We believe a similar implementation process should be established in Ontario. A pilot project provides an opportunity for all parties to learn more about the e-permitting system, adapt it to both provincial and municipal priorities, then fine tune the system before full implementation.
Turtiainen makes a point. Blog writer Michael de Lint of RESCON, right, listens intently.
Queen’s Park, of course, has leverage over provincial “applicable law” agencies involved in the building and development process. These agencies could and should be required to provide information and maps, as well as permit applications on a common digital platform in order to streamline their interactions with each other, permit applicants and municipalities. This would be in addition to the traditional paper-based system.

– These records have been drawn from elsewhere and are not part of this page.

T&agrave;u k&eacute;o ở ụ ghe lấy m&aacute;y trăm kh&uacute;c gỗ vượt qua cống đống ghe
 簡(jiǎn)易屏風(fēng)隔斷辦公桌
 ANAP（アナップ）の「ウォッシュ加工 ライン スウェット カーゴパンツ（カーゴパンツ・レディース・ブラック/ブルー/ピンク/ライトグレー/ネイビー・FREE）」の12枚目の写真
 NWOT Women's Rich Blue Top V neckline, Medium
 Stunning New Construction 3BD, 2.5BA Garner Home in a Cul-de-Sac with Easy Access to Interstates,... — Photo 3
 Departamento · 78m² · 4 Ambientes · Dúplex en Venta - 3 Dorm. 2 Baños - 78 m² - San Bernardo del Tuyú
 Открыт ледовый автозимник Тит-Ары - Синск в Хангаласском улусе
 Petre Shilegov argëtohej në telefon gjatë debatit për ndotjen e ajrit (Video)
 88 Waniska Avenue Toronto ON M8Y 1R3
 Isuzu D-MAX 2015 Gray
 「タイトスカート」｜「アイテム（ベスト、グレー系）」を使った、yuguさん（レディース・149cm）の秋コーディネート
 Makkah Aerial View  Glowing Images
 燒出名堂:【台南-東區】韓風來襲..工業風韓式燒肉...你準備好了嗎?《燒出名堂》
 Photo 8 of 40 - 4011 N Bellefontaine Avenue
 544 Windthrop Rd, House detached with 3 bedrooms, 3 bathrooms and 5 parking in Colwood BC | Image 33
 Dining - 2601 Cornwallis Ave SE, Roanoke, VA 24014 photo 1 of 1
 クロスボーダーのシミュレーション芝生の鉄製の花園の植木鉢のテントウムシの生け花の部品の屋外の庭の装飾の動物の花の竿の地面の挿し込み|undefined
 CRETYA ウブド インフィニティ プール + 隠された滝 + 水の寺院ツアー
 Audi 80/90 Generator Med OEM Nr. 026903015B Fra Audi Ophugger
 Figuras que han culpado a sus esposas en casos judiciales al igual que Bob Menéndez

According to Tim Moore, former chief building official for the City of Markham, former chair of the Large Municipalities Chief Building Officials Association: “The building approval system in Ontario has evolved into a complicated business that consumes a lot of time and resources. We need to modernize our public sector services and business practices here, like they have done in Finland and other countries.
“A comprehensive provincial e-permitting system is long overdue. The public and industry should be able to file permit applications and obtain building approvals from municipalities online using a common provincial platform linking municipal planning, building and applicable law agency approvals. The Ministry of Municipal Affairs, municipalities, approval agencies and the professional associations need to get engaged and work together on implementing a transparent, accessible, and effective e-permitting system in Ontario.”
Muhonen and Tutiainen plan to return to Toronto this fall. With the participation of the province and progressive municipalities in a pilot project, we have a golden opportunity to leap forward with an advanced e-permitting system providing the framework for further streamlining.